- [Work item]: Only the lines from the one containing "Cotton Ribbon, Stars" through the one containing "RFH - 3 Letter Initials Oval Sticker" should be printed, exactly as they appear below, with both ends included.

- [Supplied data]:

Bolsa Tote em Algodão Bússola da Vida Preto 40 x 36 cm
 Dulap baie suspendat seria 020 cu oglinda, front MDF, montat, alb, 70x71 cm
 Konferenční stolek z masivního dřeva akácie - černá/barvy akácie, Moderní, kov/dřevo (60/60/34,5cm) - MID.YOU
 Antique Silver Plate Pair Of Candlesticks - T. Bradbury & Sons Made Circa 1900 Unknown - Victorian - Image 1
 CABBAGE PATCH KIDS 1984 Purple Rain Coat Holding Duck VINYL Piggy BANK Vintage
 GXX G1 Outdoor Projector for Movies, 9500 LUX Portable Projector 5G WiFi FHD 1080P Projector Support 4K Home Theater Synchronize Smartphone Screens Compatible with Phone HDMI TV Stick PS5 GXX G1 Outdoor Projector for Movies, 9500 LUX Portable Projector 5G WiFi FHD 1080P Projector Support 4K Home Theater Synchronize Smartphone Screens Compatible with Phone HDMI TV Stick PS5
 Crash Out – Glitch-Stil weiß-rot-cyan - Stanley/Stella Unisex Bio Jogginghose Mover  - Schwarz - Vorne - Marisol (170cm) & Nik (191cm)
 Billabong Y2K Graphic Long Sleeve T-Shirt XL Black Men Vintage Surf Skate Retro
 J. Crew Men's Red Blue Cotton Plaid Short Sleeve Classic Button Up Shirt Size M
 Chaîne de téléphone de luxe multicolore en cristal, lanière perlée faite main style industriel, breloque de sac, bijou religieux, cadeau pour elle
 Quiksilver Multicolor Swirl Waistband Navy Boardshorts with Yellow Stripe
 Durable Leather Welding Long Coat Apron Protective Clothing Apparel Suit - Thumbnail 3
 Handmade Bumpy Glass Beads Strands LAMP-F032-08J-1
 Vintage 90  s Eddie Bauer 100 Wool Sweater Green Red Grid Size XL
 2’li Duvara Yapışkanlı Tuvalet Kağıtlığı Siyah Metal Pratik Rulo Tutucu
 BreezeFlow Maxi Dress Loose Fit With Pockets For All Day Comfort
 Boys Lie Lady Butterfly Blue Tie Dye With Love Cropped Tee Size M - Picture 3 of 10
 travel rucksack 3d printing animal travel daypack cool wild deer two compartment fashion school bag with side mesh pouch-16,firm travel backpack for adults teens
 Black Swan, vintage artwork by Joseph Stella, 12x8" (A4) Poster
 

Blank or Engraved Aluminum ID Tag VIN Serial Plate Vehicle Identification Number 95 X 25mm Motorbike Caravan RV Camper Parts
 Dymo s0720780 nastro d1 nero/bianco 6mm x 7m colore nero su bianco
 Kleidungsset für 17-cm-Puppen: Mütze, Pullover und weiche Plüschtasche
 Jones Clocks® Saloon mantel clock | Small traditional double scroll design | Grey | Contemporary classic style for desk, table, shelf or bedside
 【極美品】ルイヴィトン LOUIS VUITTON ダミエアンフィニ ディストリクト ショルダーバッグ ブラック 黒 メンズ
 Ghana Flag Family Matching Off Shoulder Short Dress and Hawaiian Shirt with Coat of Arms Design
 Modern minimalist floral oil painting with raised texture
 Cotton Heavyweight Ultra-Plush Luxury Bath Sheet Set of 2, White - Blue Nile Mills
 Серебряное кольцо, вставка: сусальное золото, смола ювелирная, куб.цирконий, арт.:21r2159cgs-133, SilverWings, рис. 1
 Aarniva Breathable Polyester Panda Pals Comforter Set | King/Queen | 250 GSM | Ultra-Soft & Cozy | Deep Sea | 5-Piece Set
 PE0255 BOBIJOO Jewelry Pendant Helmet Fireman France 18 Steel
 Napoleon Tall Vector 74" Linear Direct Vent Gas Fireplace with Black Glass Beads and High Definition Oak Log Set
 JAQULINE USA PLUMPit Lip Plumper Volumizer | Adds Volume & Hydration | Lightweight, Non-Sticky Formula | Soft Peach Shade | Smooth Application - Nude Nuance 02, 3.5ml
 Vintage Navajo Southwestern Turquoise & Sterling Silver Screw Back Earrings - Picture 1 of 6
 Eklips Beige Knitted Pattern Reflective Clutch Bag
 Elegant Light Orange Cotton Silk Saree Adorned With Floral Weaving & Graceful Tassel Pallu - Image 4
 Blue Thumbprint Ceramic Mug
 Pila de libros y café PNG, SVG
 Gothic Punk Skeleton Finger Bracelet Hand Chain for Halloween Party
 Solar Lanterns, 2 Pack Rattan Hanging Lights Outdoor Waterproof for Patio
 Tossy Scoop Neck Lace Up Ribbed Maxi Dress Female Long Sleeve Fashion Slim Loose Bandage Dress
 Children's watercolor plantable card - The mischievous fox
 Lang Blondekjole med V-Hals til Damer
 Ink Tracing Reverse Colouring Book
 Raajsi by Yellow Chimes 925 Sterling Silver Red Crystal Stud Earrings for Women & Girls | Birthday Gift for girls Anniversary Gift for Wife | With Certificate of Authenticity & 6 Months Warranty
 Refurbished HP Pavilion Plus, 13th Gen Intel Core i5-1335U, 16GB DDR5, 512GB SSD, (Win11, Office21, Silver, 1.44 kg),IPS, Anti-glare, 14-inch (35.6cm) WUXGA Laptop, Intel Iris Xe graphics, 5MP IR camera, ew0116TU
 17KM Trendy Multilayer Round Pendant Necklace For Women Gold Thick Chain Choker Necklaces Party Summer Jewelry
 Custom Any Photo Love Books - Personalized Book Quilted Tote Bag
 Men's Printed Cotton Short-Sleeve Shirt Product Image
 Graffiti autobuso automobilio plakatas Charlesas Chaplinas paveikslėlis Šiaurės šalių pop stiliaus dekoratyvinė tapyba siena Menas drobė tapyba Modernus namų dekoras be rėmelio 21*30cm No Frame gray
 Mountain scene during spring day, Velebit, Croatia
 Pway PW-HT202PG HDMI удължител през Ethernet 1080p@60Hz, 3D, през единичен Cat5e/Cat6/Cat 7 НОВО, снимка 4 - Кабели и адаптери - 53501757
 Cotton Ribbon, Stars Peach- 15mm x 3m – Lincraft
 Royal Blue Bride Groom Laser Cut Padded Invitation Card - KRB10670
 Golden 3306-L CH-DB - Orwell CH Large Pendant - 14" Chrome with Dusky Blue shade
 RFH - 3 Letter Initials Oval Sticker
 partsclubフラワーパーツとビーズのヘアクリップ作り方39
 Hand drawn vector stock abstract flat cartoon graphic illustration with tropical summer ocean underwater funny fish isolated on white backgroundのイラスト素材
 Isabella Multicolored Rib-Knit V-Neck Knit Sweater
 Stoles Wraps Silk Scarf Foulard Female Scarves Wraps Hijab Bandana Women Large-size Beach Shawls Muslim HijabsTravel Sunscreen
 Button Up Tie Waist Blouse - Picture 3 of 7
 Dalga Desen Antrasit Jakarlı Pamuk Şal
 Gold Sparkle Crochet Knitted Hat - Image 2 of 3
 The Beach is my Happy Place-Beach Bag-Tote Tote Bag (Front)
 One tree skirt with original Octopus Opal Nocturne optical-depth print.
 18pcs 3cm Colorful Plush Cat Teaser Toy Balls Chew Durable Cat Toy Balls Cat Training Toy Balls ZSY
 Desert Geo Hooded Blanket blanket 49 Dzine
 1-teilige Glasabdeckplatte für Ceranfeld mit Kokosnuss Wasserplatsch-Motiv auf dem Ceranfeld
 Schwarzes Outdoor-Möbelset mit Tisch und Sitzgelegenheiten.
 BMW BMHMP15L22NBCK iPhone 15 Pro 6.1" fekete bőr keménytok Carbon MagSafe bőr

- [Result]:
 Cotton Ribbon, Stars Peach- 15mm x 3m – Lincraft
 Royal Blue Bride Groom Laser Cut Padded Invitation Card - KRB10670
 Golden 3306-L CH-DB - Orwell CH Large Pendant - 14" Chrome with Dusky Blue shade
 RFH - 3 Letter Initials Oval Sticker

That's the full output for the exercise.